I've had a very difficult time keeping up with my blogs in this class. This has been an interesting semester for me. I wouldn't necessarily say that it has been a dry spell, but it has been a time when I've been absorbing a lot of information from a lot of different places and I've had a lot of trouble coming up with things to say on my own. I've also been having troubles with reading my secondary criticism. Shakespeare After All is an interesting book, but I've gotten so much more enjoyment just from reading the bard himself. I'm one of those people who is very convinced that the meaning of the story is the story, and I hate when everything has to have a moral. I don't like the way literary criticism tries to find a meaning in everything. I prefer to read the story just to find out what happens, and not to think about how it teaches us about what we should do. And I hate stories that blatantly tell you the moral at the end. That's dogma, not writing. Don't get me wrong. I don't mind if a story teaches me something. I think that's essential. I just don't like when the cute fluffy moral gets shoved down my throat. It gets stuck and then I choke. That's never fun.
And besides, Shakespeare does not tell us anything in any of his stories. It is the characters that speak, and not out of a desire to teach us, to inspire us, or even (for most of them) to entertain us, as they do not know that we watch from the other side of the curtain. Likewise, we go about our own daily tasks, and only the most moon-struck (some might use the word crazy here) think that anyone is watching us. And yet who can say that they are not? Who dares say that we are not the rude mechanicals, poorly acting out a role put on for the amusement of others, and yet pretending that we are the most important thing in the world?
Maybe this is just me being sad again. The worst part of that is, as sad as I am, I don't think that I fully understand the tragic sense of life yet. I've been trying. It is definitely a struggle. There are so many sad things that go on every day, and I know that I only hear a tenth of a millionth of them. Even in reading Shakespeare I feel I have only tasted the foam from the top of a glass frothing over with tragedy. I'm slowly being wooed to the place where I should be. And yet I find myself running to embrace the comedic side of life as Shakespeare sees it, the continuity and continuation of the social realm. But then I do so love reading a good tragedy! I think the problem is that people are so afraid of getting hurt that they only want to see bad things happen to other people.
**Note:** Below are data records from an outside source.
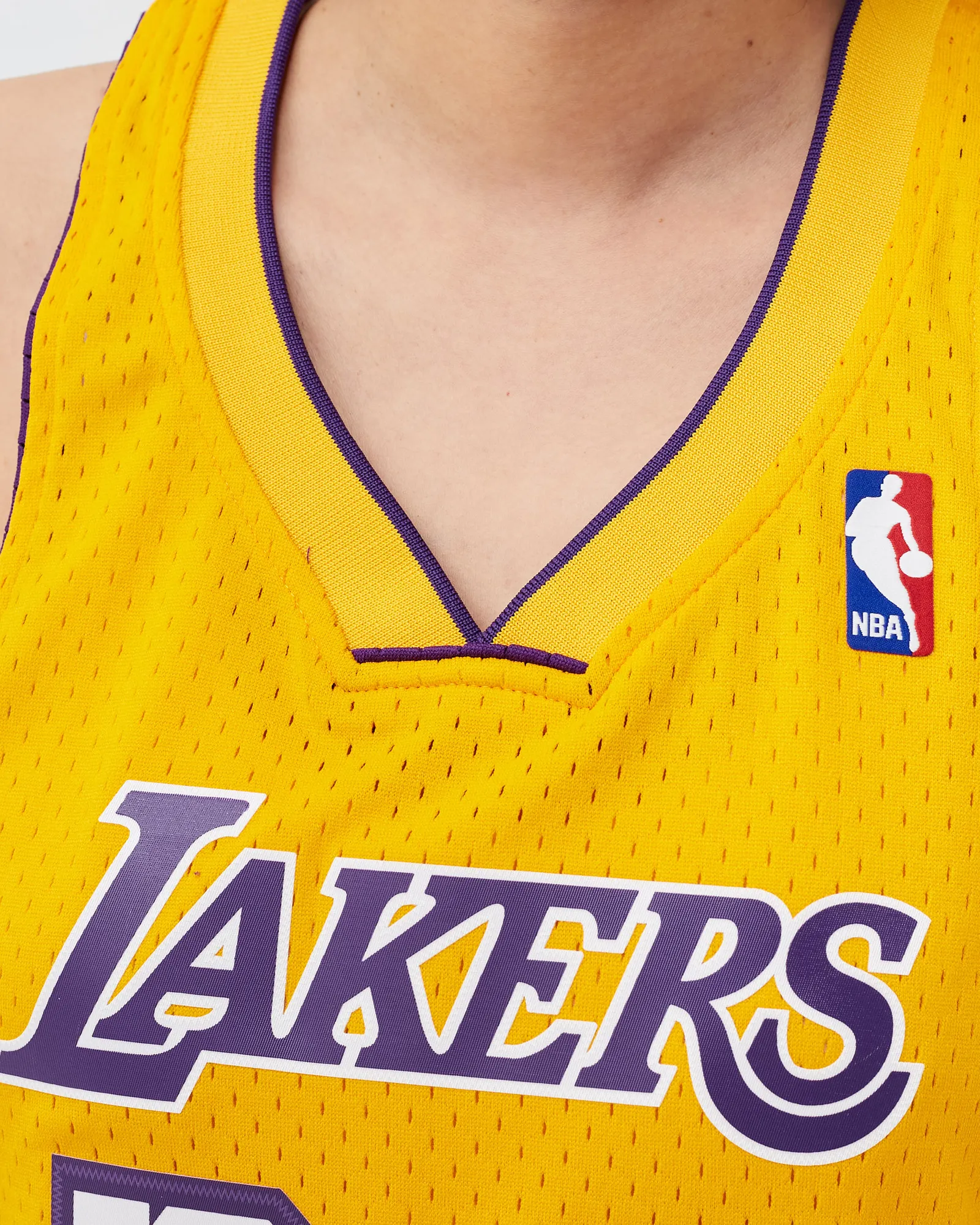 Mitchell & Ness NBA Women's Swingman Jersey Los Angeles Lakers 1999-00 Shaquille O´Neal #34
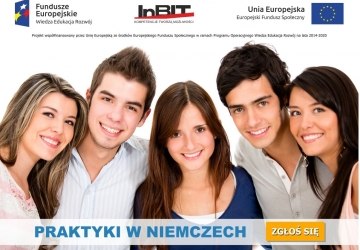 Praktyki w Niemczech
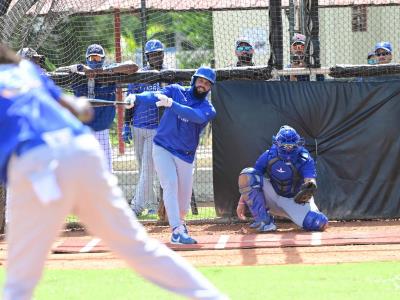 Lidom: Los Tigres del Licey anuncian sus entrenamientos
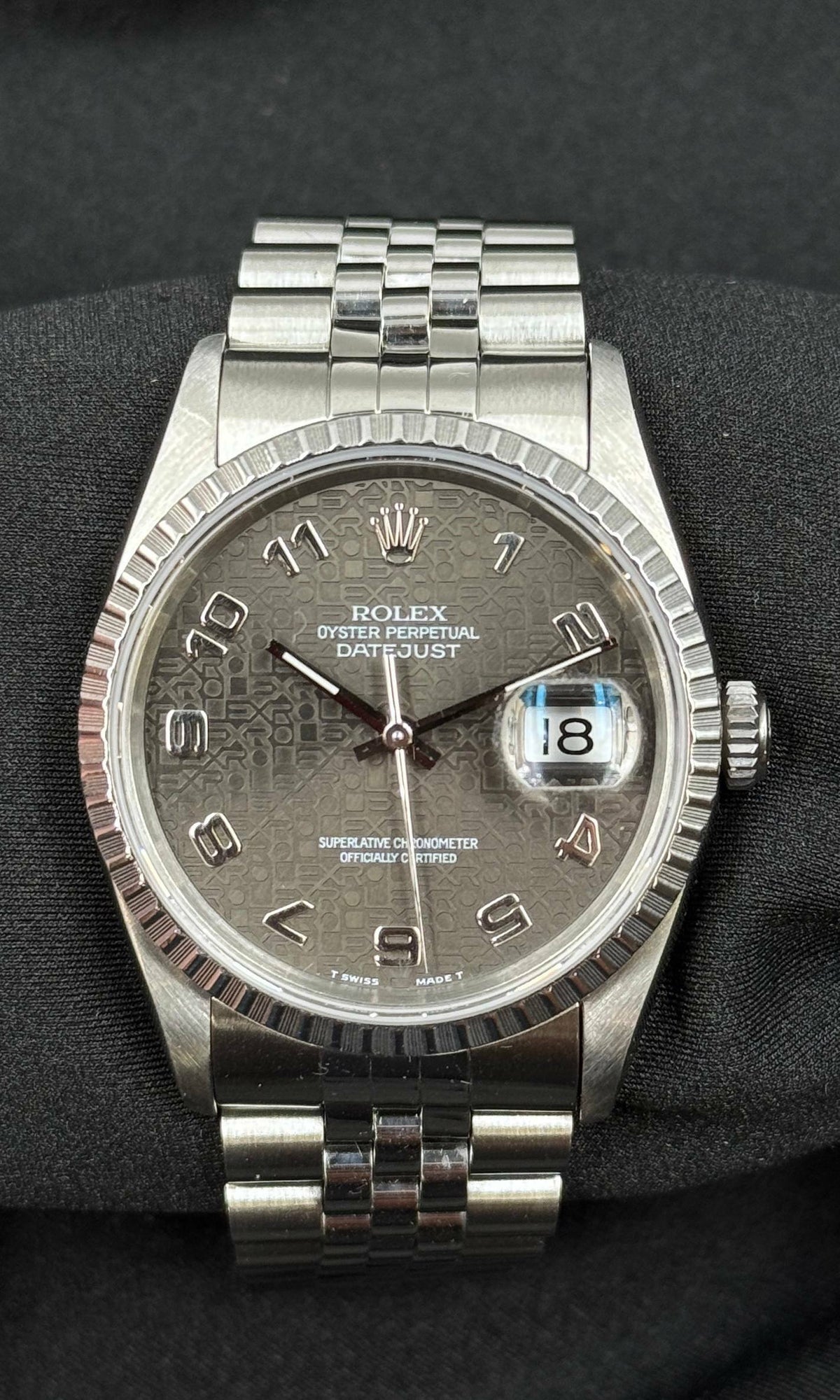 Rolex Datejust 36 lotto 39383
Then again, I've always been the kind of person who hates seeing other people get hurt (the ones I care about, at least). The best way for me, then, to embrace this tragedy is by reading and writing these sorts of terrible things, because I don't want to see it in real life. It's a bit of a conundrum and it's been hard for me to figure out even what it means to embrace the tragic. I don't even know whether I will really know if the tragic sense if life embraces me; perhaps it will be a moment of epiphany, but perhaps, as has happened so often in my life, the realization will sneak up on me before I even know that it is there, and I will just wake up one morning and see things differently.
As difficult as this semester has been for me (in general), I have still learned a lot. Right now I feel as though I am a sponge, soaking up as much brilliance as I can until I am over-saturated with it and cannot help but spill words onto the page. Someday I will find the words to express just how much Shakespeare has changed me, but for now I am but tongue-tied at his brilliance and am left as lost for words as Lavinia. So I will leave you, once again, with a quote, this one from C.S. Lewis' The Last Battle.
"The term is over: the holidays have begun. The dream is ended: this is the morning."